Formation of the Triplet State of Naphthalene in the Pulse Radiolysis of Gaseous Mixtures of Benzene and Naphthalene

Abstract

A significant yield of the lowest triplet state of naphthalene is observed when 1.9 atm benzene containing small amounts of naphthalene is pulse irradiated in the gas phase at 120°C. The yield is independent of naphthalene concentration from 0.3 mole % to at least 3 mole %. Electron scavengers (SF₆ and CCl₄) decrease the yield by 70%, as does a positive‐ion scavenger, triethylamine. This 70% is thought to originate by neutralization of C₁₀H₈⁺ by C₁₀H₈⁻. The other 30% of the triplet yield is thought to originate from benzene ${(}^3{B}_{\text{1u}})$ formed directly by the irradiation of the benzene vapor. Naphthalene was found to be 34 ± 4, 38 ± 4, and 18 ± 2 times more efficient in accepting energy from the benzene triplet than trans‐butene‐2, cyclohexene, and nitromethane, respectively.
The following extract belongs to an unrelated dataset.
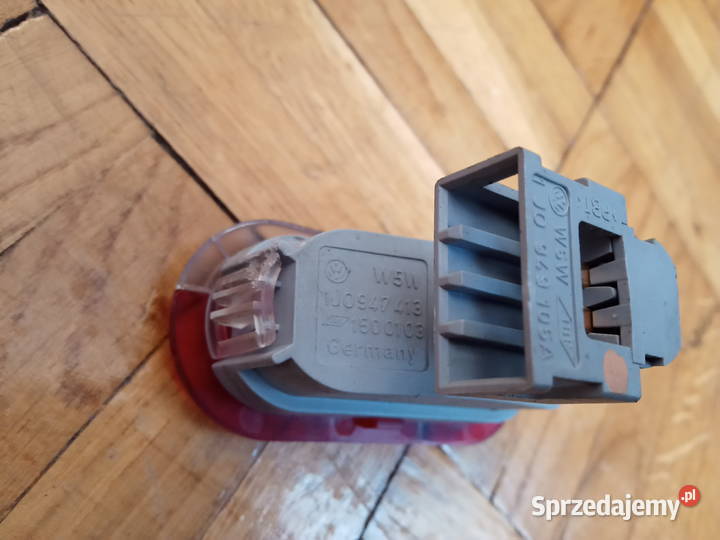 VW Golf IV Leon I Lampka oświetlenie boczka osobowe Lampy obrysowe Dębica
Similar results were obtained using 1.3 atm argon as the main gas, with about 3 mole % benzene and about 3 × 10⁻³ mole % naphthalene present at 25°C. In this case, the naphthalene triplet was formed after the pulse, and kinetic analyses of the curves as a function of naphthalene concentration allowed an evaluation of the benzene ${(}^3{B}_{\text{1u}})$ decay constant of 1.3 × 10⁵ sec⁻¹ at 18 torr benzene (which decreases with increasing benzene pressure) and of the rate constant for energy transfer from benzene ${(}^3{B}_{\text{1u}})$ to naphthalene of (3.0 ± 0.5) × 10¹¹ liter mole⁻¹·sec⁻¹. Naphthalene was found to be 20 ± 3 times more efficient than trans‐butene‐2 in accepting energy from triplet benzene.